Well, to start with, it’s our history, our story. If we don’t remember, it’s hard to tell the story. And I would say, it’s not only important to tell our story to others, but how about to ourselves? Did you know you’re telling yourself yourstory much of the time (“self-talk”)?
Think about it. It may be something like:
- This always happens to me…
- Why should it work out? I’m just a (fill in the blank).
Or maybe the story you’re telling yourself is more along the lines of:
- Things always work out the way they’re supposed to.
- I was worried last time, and everything was fine. It will be okay.
But how about the part of our story where God entered in (although, wasn’t He there all along?). For some it’s dramatic, for others it may be gradual, or even a simple, peaceful moment. Do you remember His faithfulness?
Can you recall the times you doubted, and he blew your expectations out of the water? How about times of quiet victory or comfort; the things only you know in your heart where your Heavenly Father came through for you in an intimate way? How about the times of wrestling and struggling, and finally giving in to realize He knew best?
In Joshua 4, Joshua describes the time after the nation of Israel had finished passing over the Jordan and God instructed Joshua to take twelve men, one from each tribe, and twelve stones to make an altar to God where they camped for the night. The Lord then instructed Joshua about the altar:
“…this may be a sign among you. When your children ask in time to come, ‘What do those stones mean to you?’ then you shall tell them that the waters of the Jordan were cut off before the ark of the covenant of the LORD. When it passed over the Jordan, the waters of the Jordan were cut off. So these stones shall be to the people of Israel a memorial forever.” Joshua 4:6-7
God instructed the Israelites to be deliberate in setting up a memorial – a way to remember, and be able to tell the story, of God’s faithfulness to them.
What a beautiful picture this is – God wanted to help the people remember how he came through for them, His faithfulness and care for his children. Why? Maybe it’s because He knows we forget. And how much of our anxiety is caused by our forgetting that God is with us, and He has been and will continue to be faithful to us?

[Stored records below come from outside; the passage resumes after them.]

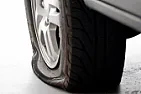 Tire repair question |  The best thing you can use is a Patch Plug.  It looks like a regularpatch but...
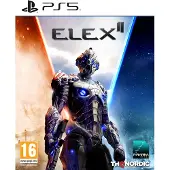 Ps5 Elex Ii
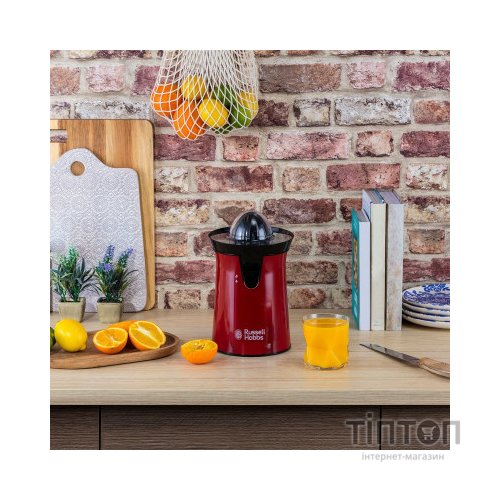 Соковижималка Russell Hobbs 26010-56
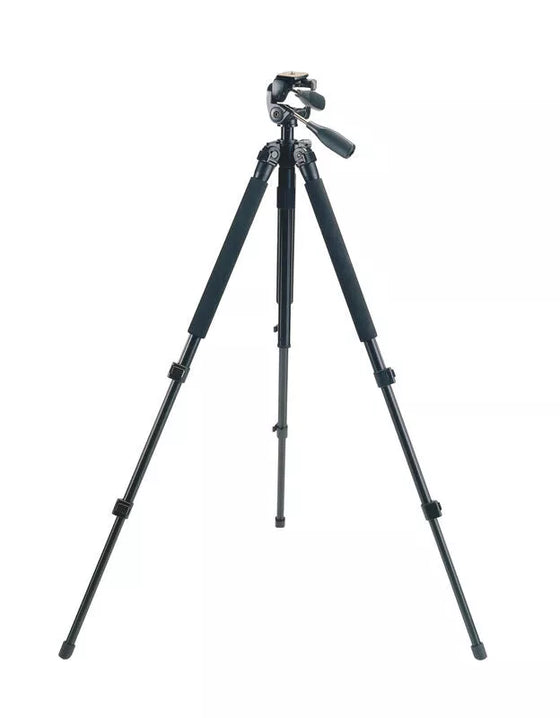 Τρίποδο Bushnell από τιτάνιο - ύψος 160 cm 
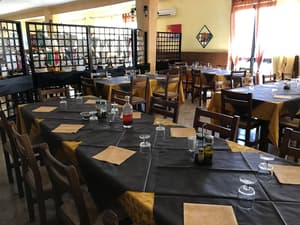 thumbnail: Restaurant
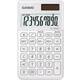 Casio kalkulator SL-1000SC-WE, beli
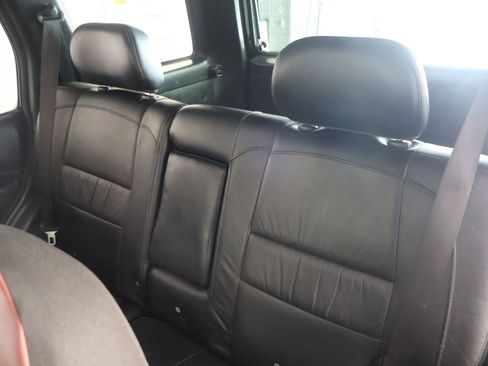 Used 2003 INFINITI QX4 4WD image 44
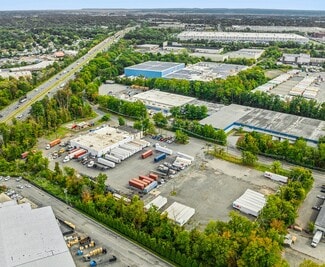 Edison, NJ Industrial - 76 National Rd Edison, NJ Industrial - 76 National Rd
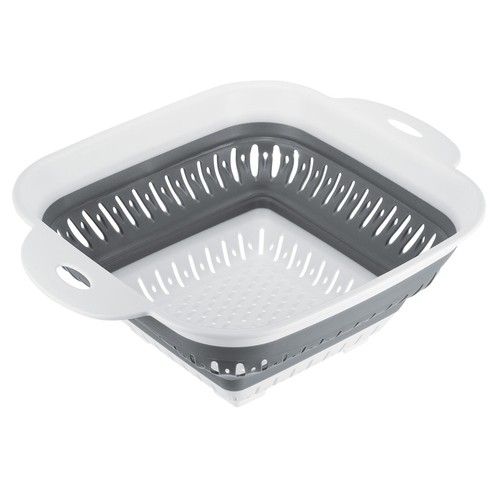 Colino pieghevole silicone - colino,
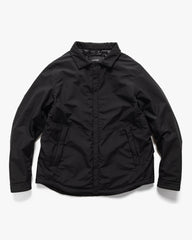 HAVEN Psylo Overshirt - GORE-TEX WINDSTOPPER® 3L Nylon / Primaloft® Black, Outerwear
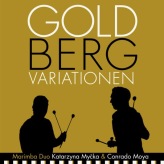 Goldberg Variationen Grafik
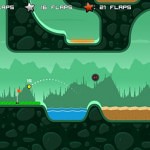 Flappy Golf iPhone App Review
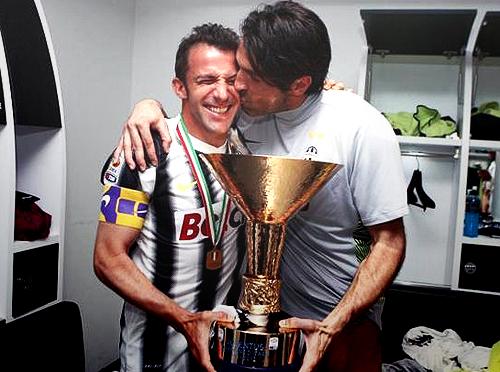 waldyindrawan's tweet photo. http://t.co/dsjaH7Ud1m - Buffon: Melawan Del Piero Akan Sangat Romantis! http://t.co/tolz0rvXf1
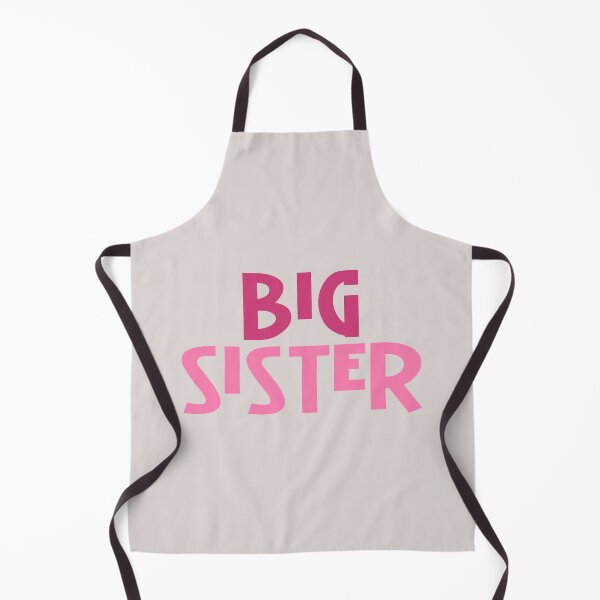 Item preview, Big Sister designed and sold by Persnicketee.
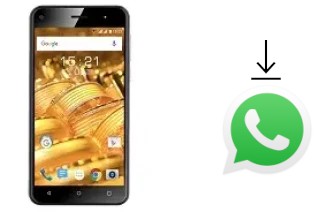 How to install WhatsApp in a Fly Cirrus 7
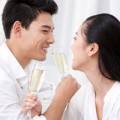 Eva tám - Tết này em đã "trói" được anh, chồng yêu!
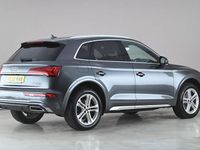 Used Audi Q5 S-Line 265 HP (194 kW) 2024 SUV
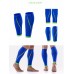 Leg Shin Guards Soccer Protective Calf Sleeve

We begin telling ourselves our versions of our story. And unfortunately, our versions, without God’s light and truth illuminating them, can be limited and skewed. See Isaiah 55:8-9 and Proverbs 3:5-6.
In the Psalms, the Psalmists tell us how they will remember what God has done and who He is. They are intentional in their statements of this remembrance:
“I will remember the works of the LORD: surely I will remember your wonders of old.” Psalm 77:11
“Remember the wondrous works that he has done, his miracles, and the judgments he uttered,” Psalm 105:5
“I remember your name in the night, O LORD, and keep your law.” Psalm 119:55
So while we may not be traveling in the desert, with stones and tribes – we are journeying through life. How can we setup memorial places to remember God’s faithfulness in our lives? These “places” will likely be figurative and not actual places; like drawings, pictures, words written on walls, journal entries, or a hundred other things that may work for you.
But whatever the memorial is, I encourage you to take the time to make that memorial place, to put a marker on the map of your life, when it was so clear that your story and God’s story were one.